Spring Flings 

Why don't we do it on the information superhighway?

Americans love sex. Maybe more so the forbidden naughty aura we've conjured up than the act of love itself. It's deliciously paradoxical; sex is dirty and taboo by most of our broad cultural standards but it's simultaneously incredibly enticing.

Just witness the ongoing spectacle of mainstream media pundits claiming shock and revulsion while endlessly talking about alleged presidential blowjobs. And, as accidental as this juxtaposition may seem, the newscasters and many other are well aware: Our fascination with sex translates into profits.

In economic terms, sex is highly inelastic. You can raise the price and demand doesn't drop. That means if you sell sex, you will almost certainly make money. And with around $9 billion in revenues in 1996 alone, the sex industry comes to the Internet well positioned to dominate the sale of online content.

It happens that the sex industry in America (which includes movie sales and rentals, strip clubs, phone sex, cable pay-per-view and web sites) is already bigger than the entire CD-ROM gaming industry, bigger than the music industry and bigger even than Hollywood's box office revenues. Profits from erotica drove early development of the VCR and the cable industry. Hotels reap great profits from porno-on-demand premium channels.
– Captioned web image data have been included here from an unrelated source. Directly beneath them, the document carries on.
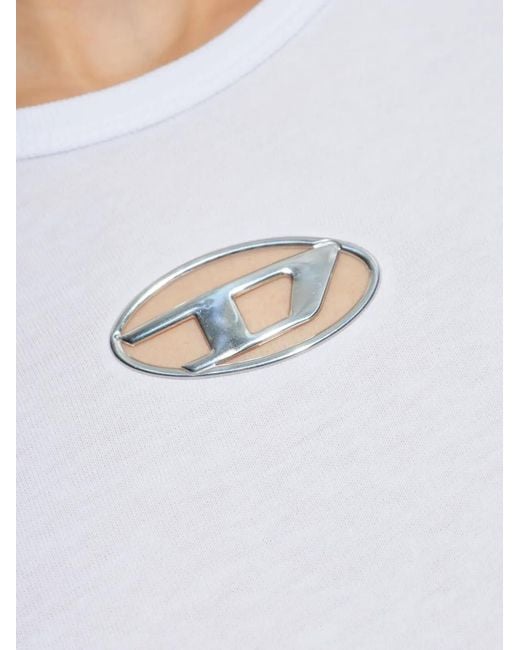 DIESEL White T-Uncutie Long-Sleeve Logo T-Shirt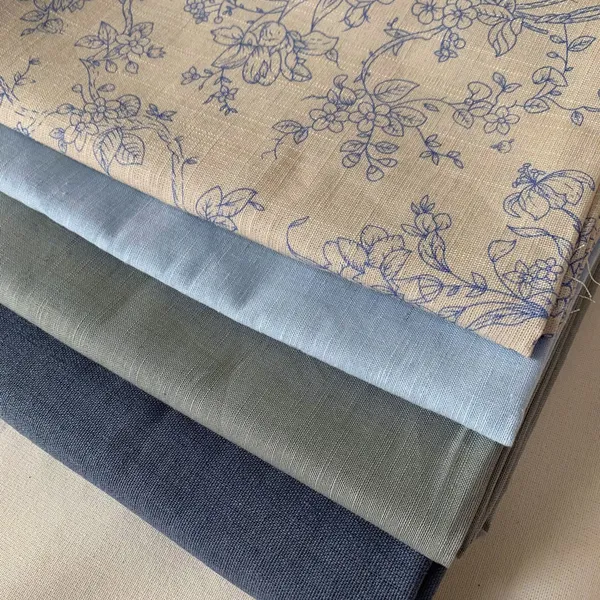 Vải linen gân hoa hải đường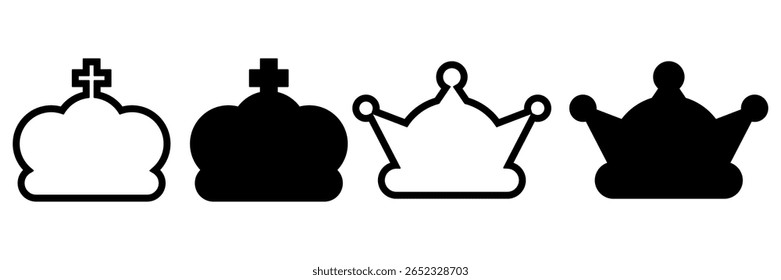 Crown icon set. Vector illsutration.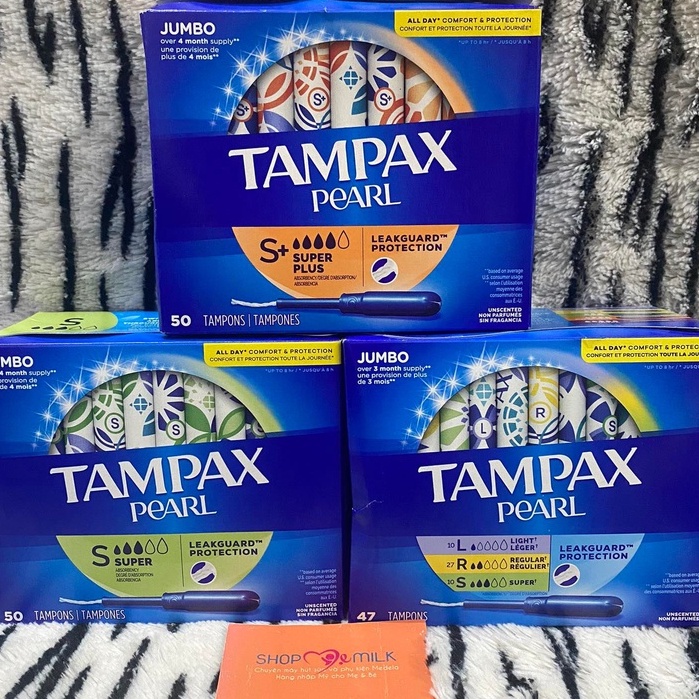 Băng vệ sinh dạng ống Tampax Pearl Tampons hộp 50 cái USA
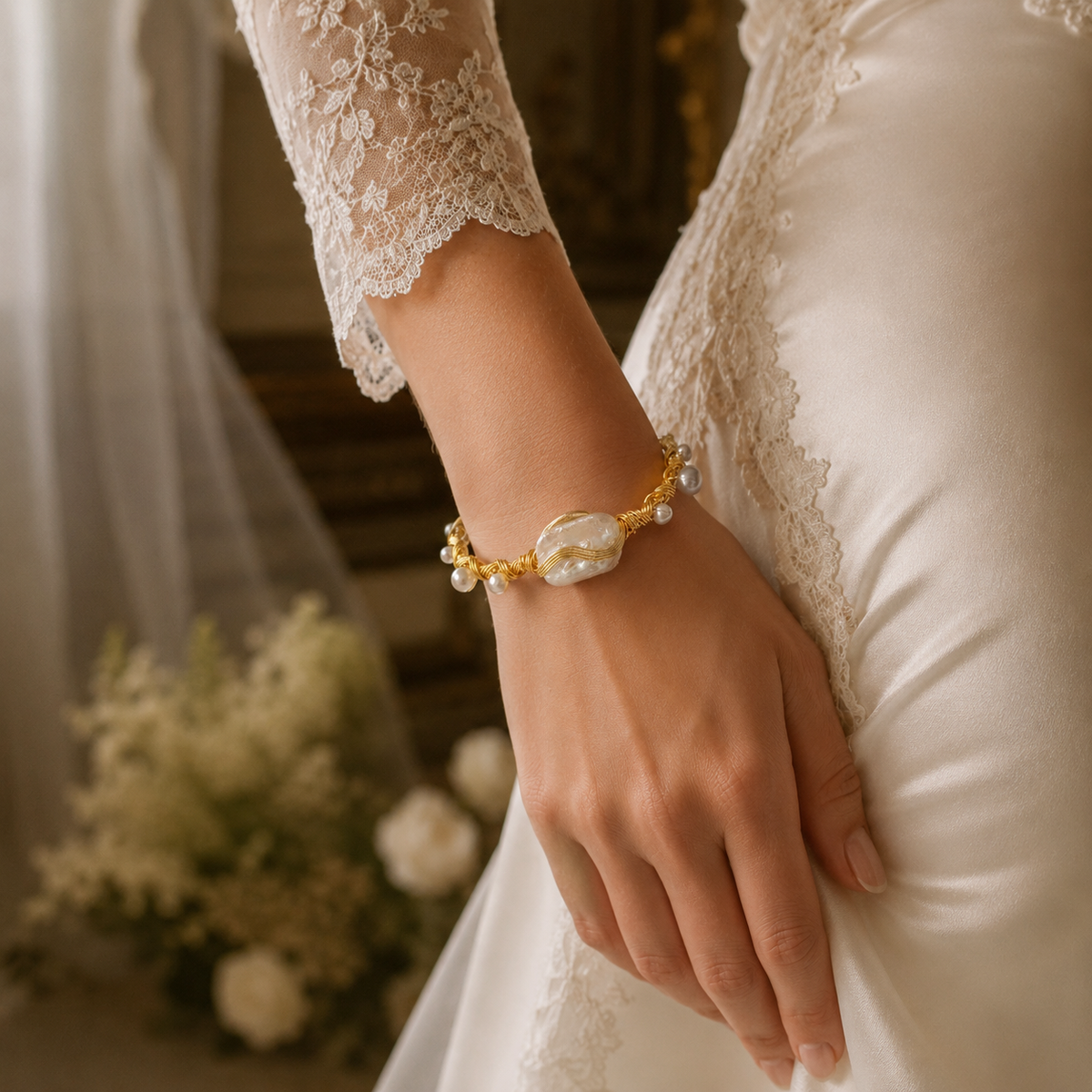 White baroque freshwater pearl cuff bracelet with gold-tone wire and small pearl accents worn by a bride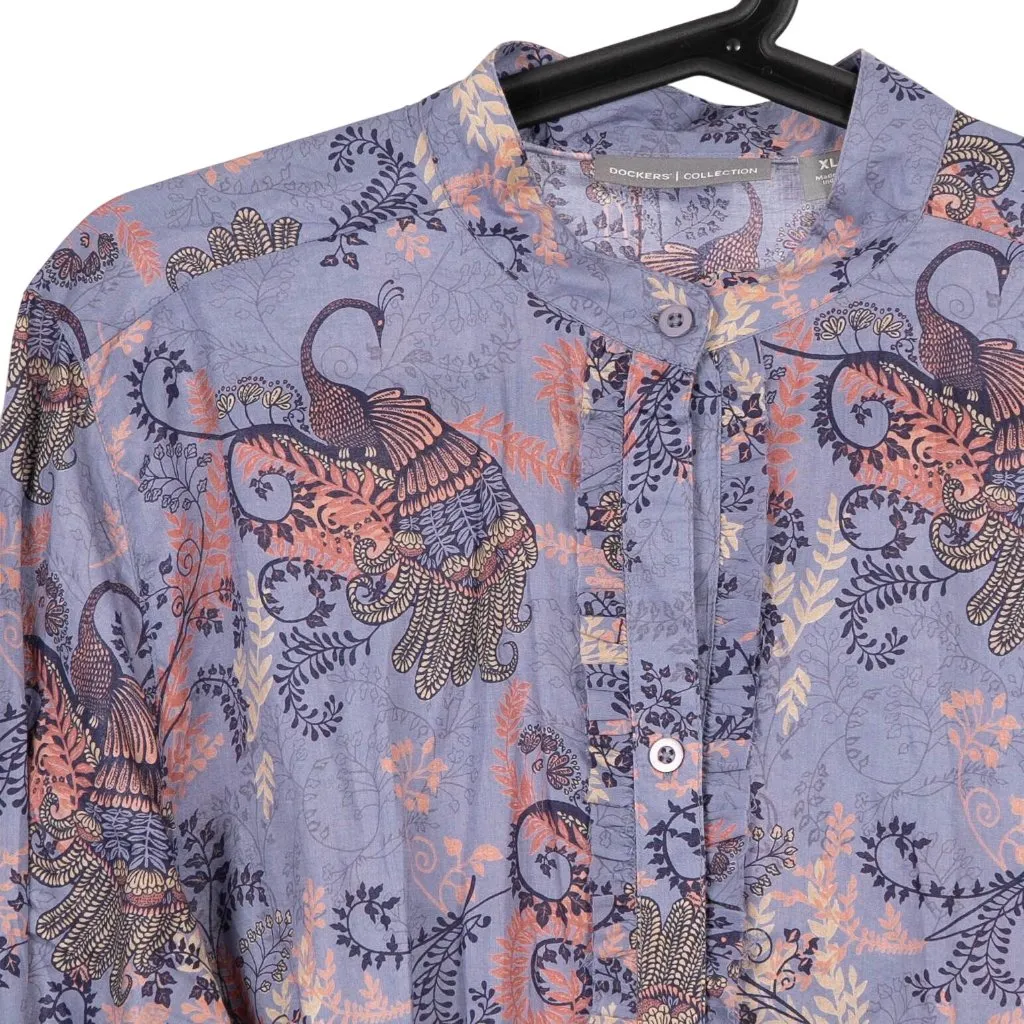 Dockers Button Up Shirt XL Ruffle Peacock Mandarin Collar Paisley India Boho - Image 2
Cheaper to produce and easier to sell than mainstream material, erotica is also just about the only content successfully being sold on the net. ESPN has some sports content for which they charge, and the Wall Street Journal continues to charge for their online content. But almost every other commercial content venture has failed.

Sex online is particularly lucrative to site developers, and enticing to consumers for several reasons. It's anonymous, easy, everybody wants it, and it's an impulse buy commanded by an urge that can supplant hunger and even sleep.

A recent edition of Wired tells an instructive tale about the sex trade. Seth Warshavsky got started in the industry way back in 1990 at the age of 18, launching a phone sex service with a $7,000 credit card investment. Four years later, his corporation was bringing in $60 million a year. More recently, Congress and the FCC started cracking down, making it more difficult for entrepreneurs like Warshavsky to generate significant profits.

Around the same time, the popularity of the net exploded. And Warshavsky took note, forming his Internet Entertainment Group in early 1996. With a bank account tumescent with phone sex profits, he was able to invest heavily in infrastructure and programming innovation.

Today, with over 60 high-end servers and a pair of massive T3 data lines (which cost around $25,000 a month), IEG has some 400,000 subscribers who collectively pony up nearly $40,000 daily. This cash flow allows members to watch virtually non-stop, live video of naked gals in the shower, in "the dungeon," and a dozen other scenarios constructed at IEG headquarters.

What's more, the service is interactive-via keyboard or phone-which is apparently very important to enthusiasts. The streaming technology which provides steamy scenes allows viewers to contact the performers. One reports (again in Wired) that one of the most common chat requests she gets is to wave at the camera-more common, even, than, "let me see your ass."

It's a live-sex strip club in the privacy of one's home. No seedy back-alley theater, no embarrassing sex shops.

IEG, with its network of a couple of dozen revenue-generating websites is not alone. One directory of adult sites lists 28,000 "erotic destinations." The vast majority of these are amateurish free sites plastered with banner ads for the paying sites-for which they receive a few cents per click. There's so much money flying around the paying sex sites that banner ads alone can finance a site.

Forrester Research, a well-respected forecaster of trends on the net, predicts that profits from online sex sites could grow five fold by 2000.

As technology improves, the profits of the online sex industry will likely grow by leaps and bounds. In early 1998, the biggest online revenue stream is the sale of videos and "accessories," expected to gross near $5 billion dollars this year.

Streaming video is still in its early stages-a choppy three frames per second over most standard dial-up connections. But compression innovation, which allows more data to flow in a shorter time, is being driven by the prospect of video-on-demand: full-screen, full-motion, live and interactive television quality images.

For Warshavsky, the web is just one of many potential media. He's also in talks with giants like Viacom and Time Warner, discussing the prospects of truly interactive cable television. And as for those who would bemoan the dilution of the utopian vision of the web as the great equalizer, the great connector, the great many-to-many communication medium, the cold, hard reality is simply that sex sells.

As reported last winter in Seattle's alternative newsweekly The Stranger, "for all the high-minded talk about the Internet's revolutionary potential, ultimately somebody has to make some money to keep the Web explosion going."